/---

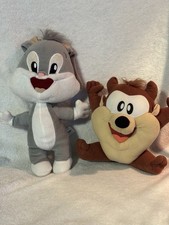 Baby Looney Tunes Bugs Bunny 12.5  Taz 8  Plush Lot Six Flags Toy Factory Set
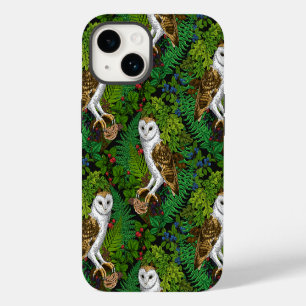 Funda Para iPhone 14 Lechuzas, helechos, roble y bayas
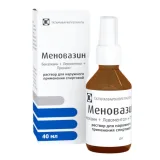 Упаковка: Меновазин, раствор для наружного применения спиртовой флакон с распылителем 40 мл, 1 шт.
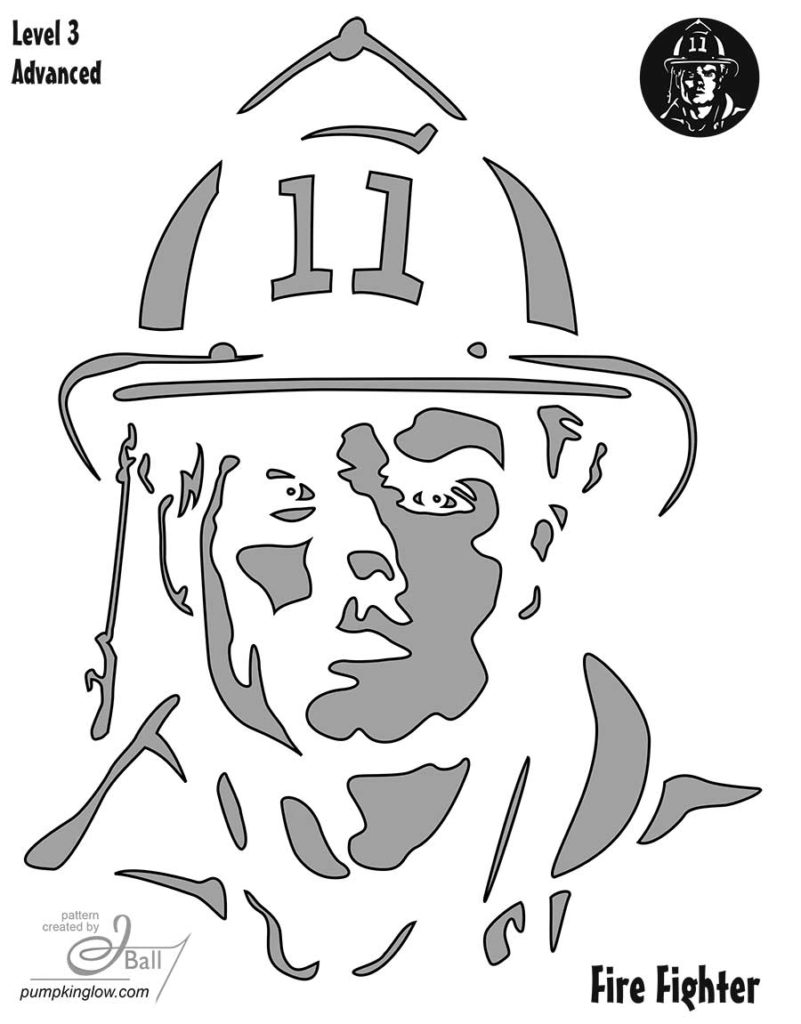 Printable Firefighter Pumpkin Stencil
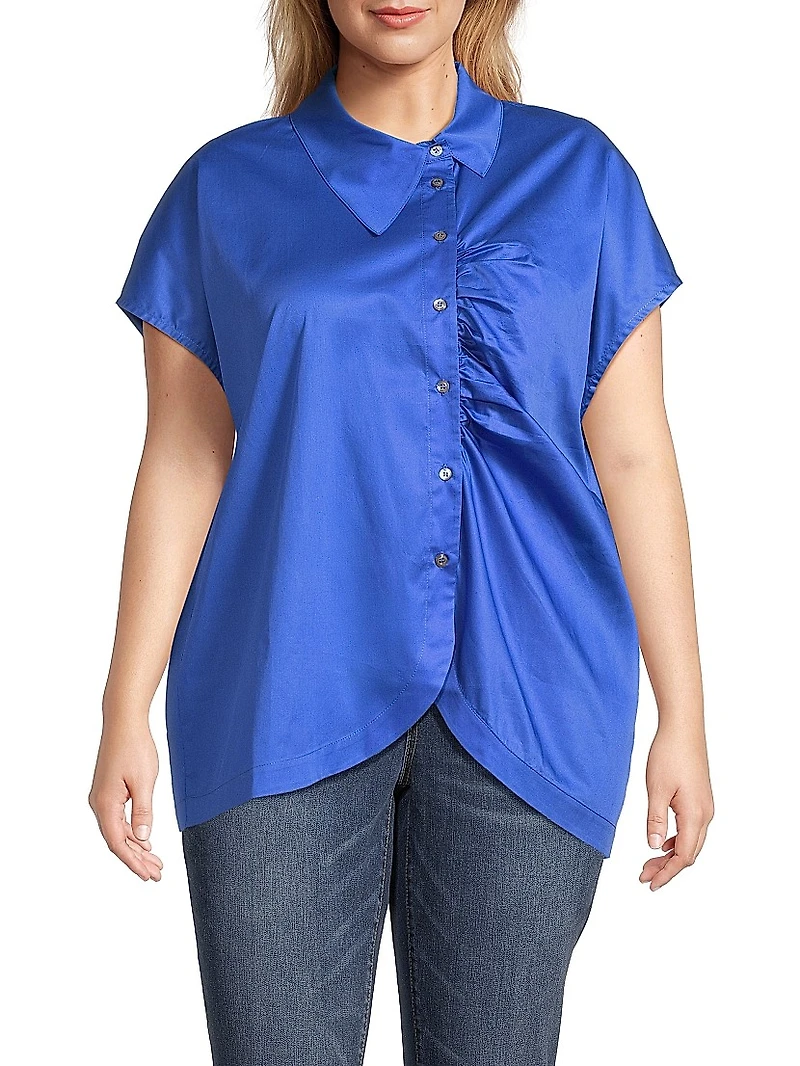 Plus Lily Cotton Asymmetric Button-Front Shirt
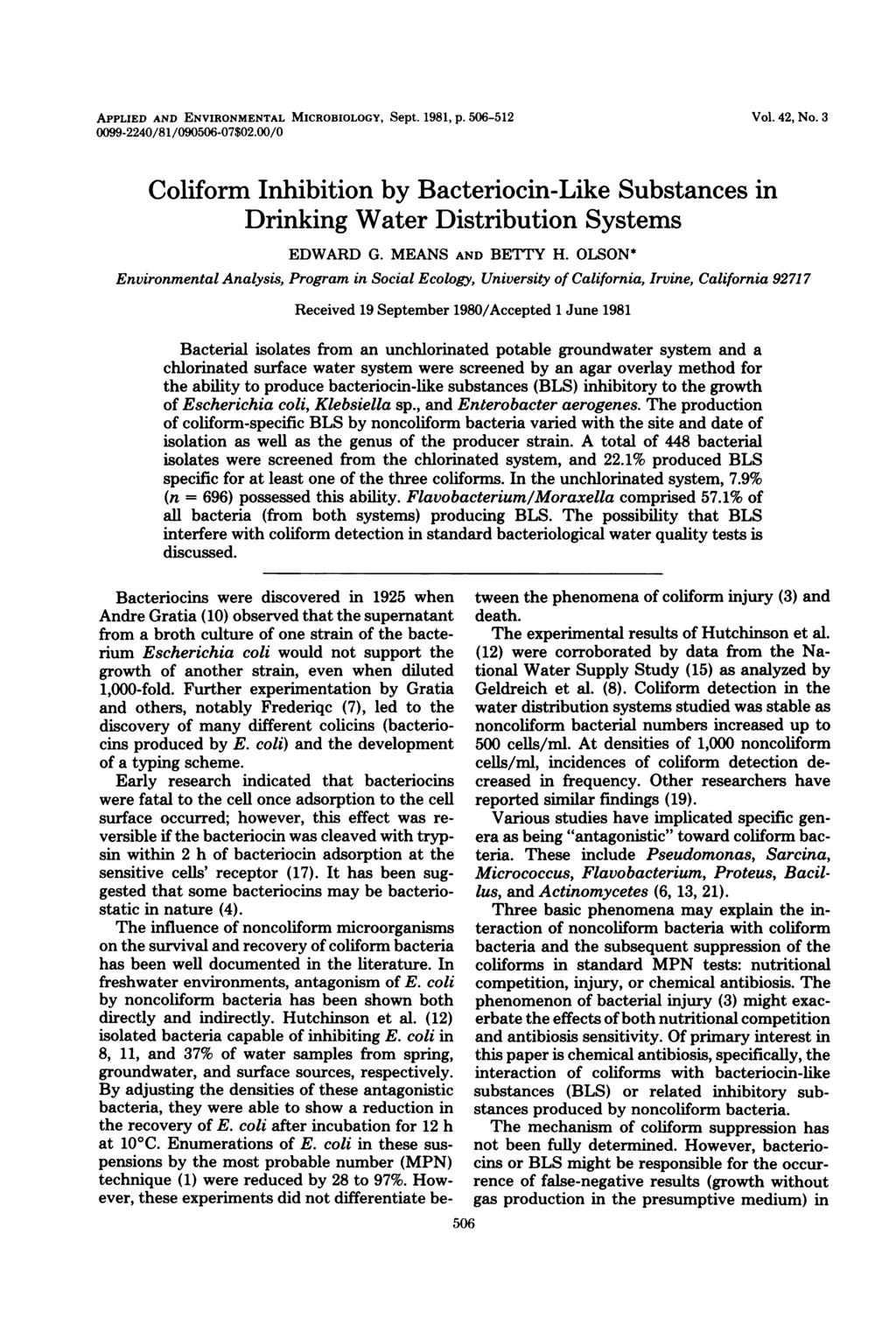APPLIED AND ENVIRONMENTAL MICROBIOLOGY, Sept. 1981, p. 506-512 0099-2240/81/090506-07$02.00/0 Vol. 42, No.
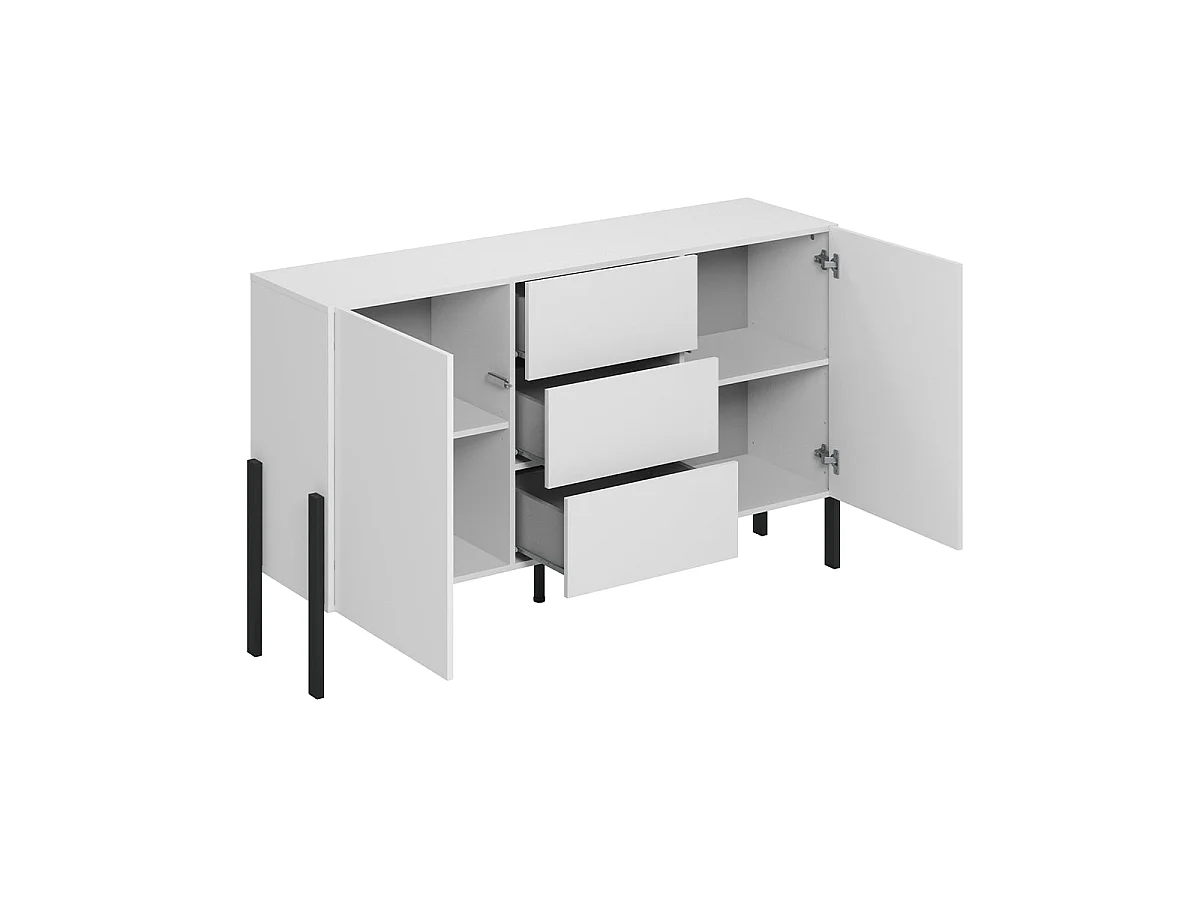 Buffet 2 portes 3 tiroirs Bérénice Blanc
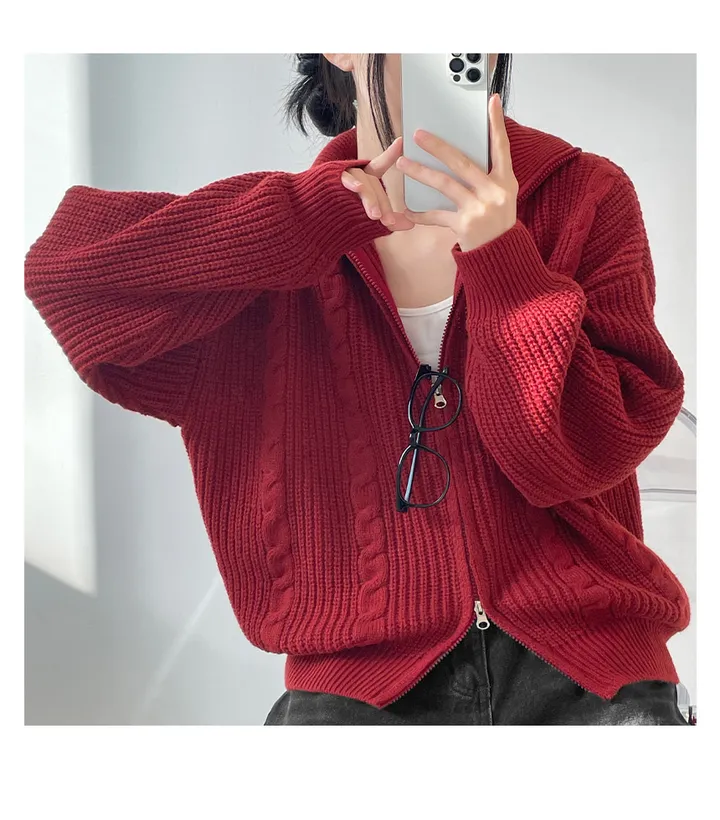 [도톰따뜻🧶아방핏]폭닥 투웨이 하이넥 루즈핏 꽈배기 니트 집업(5color) 상세 이미지 27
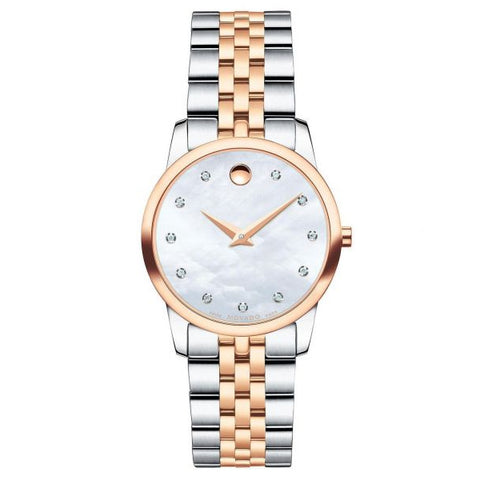 Movado Museum Classic Mother of Pearl White Dial Two Tone Steel Strap Watch for Women - 0607077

\---

> Try it:
Every entry in the listing is to be duplicated precisely, except for its pictures.

> Response area:
 Baby Looney Tunes Bugs Bunny 12.5  Taz 8  Plush Lot Six Flags Toy Factory Set
 Funda Para iPhone 14 Lechuzas, helechos, roble y bayas
 Упаковка: Меновазин, раствор для наружного применения спиртовой флакон с распылителем 40 мл, 1 шт.
 Printable Firefighter Pumpkin Stencil
 Plus Lily Cotton Asymmetric Button-Front Shirt
APPLIED AND ENVIRONMENTAL MICROBIOLOGY, Sept. 1981, p. 506-512 0099-2240/81/090506-07$02.00/0 Vol. 42, No.
 Buffet 2 portes 3 tiroirs Bérénice Blanc
 [도톰따뜻🧶아방핏]폭닥 투웨이 하이넥 루즈핏 꽈배기 니트 집업(5color) 상세 이미지 27
 Movado Museum Classic Mother of Pearl White Dial Two Tone Steel Strap Watch for Women - 0607077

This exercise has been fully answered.